In their way, both works are reminiscent of Alan Bennett’s Talking Heads – still the gold standard of plays for solo performers – but in its astringency Milk reminded me more of Dennis Kelly’s Girls & Boys. Nichol, like Kelly, is interested in the gendered nature of violence, but for my money Milk is the superior piece of writing. Unlike Kelly, Nichol resists the urge to didacticise, to mistake the stage for a lecture theatre. Rather, Milk is a fully realised drama that refuses to swap out the spell it casts for pat social commentary. Its hard-edged but tender portrait of a mother undergoing a crisis of faith is never less than vivid and absorbing.

Gallacher is, perhaps, the play’s ideal vehicle. Warm but brittle, vivacious yet heavy-hearted, it’s a performance rich in nuance, both verbally and physically dexterous. When relaying the words of her sons or new lover Billy, her voice and face expertly drop, seemingly effortlessly taking on the slumped physicality and cadences of the Australian Male. When speaking of motherhood, of the milk that flows from her breasts like a connective river, she really does appear to glow. Gallacher’s performance also, I think, usefully emphasises one of the subtler dimensions of Nichol’s play: the issue of class, which for example manifests in the contempt in which Mummy is held by other, more affluent mothers.

Blood, it must be said, suffers a little by comparison with its predecessor (it may have been wiser to swap the running order so that the more substantial and affecting Milk closed rather than opened the proceedings). It didn’t help, either, that Purcell, as good as he is, gave a much less assured performance than Gallacher on opening night. Nevertheless, Daddy is, in his way, every bit as fascinating a creation as Mummy. Both a libertine and a disciplinarian, Daddy charts a complex course through desire and control. His queerness, unlike that of Strong Boy, is a source of pride rather than shame. Yet he is an inveterate giver, his inability to fully submit to pleasure one of the play’s key drivers. Purcell imbues the role with a steely presence and a muscular physicality. The direction, by Nichols and Purcell himself, introduces occasional gestural and choreographic elements, which are used like punctuation marks to signal the text’s shifting directions. As a piece of writing, Blood is more fragmentary than Milk, but it retains the latter’s pathos and humour, as well as its keen observational qualities. As in Milk, Blood calls upon its performer to inhabit a cast of characters, and Purcell brings each vividly to life, most memorably his histrionic friend Grace.   

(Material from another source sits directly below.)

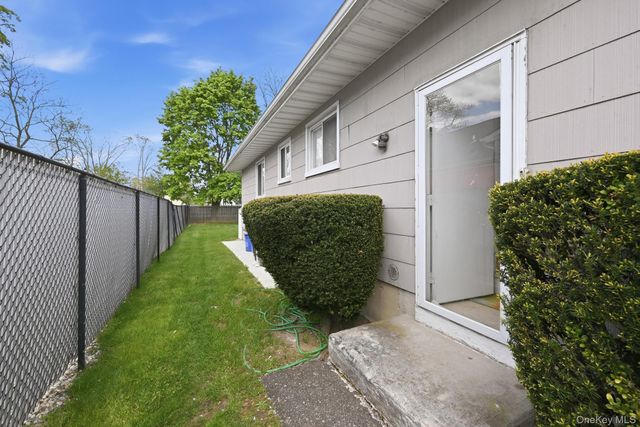 117 Woodside Avenue, Freeport, NY 11520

At the risk of reaching too hard to find connecting tissue between these works, which were not originally written to be paired together, I think it’s fair to say that both, in the end, are about creation and nurturing. Mummy, of course, has her sons. But Daddy’s lovingly tended garden, wherein he finds solace unavailable to him anywhere else, is its own kind of incubator. At the denouement of Blood, he tells us he ‘feels like a seed’, a carrier of old wisdom and new life.


 

Milk and Blood continues at Fortyfivedownstairs until 1 September 2024. Performance attended: 16 August.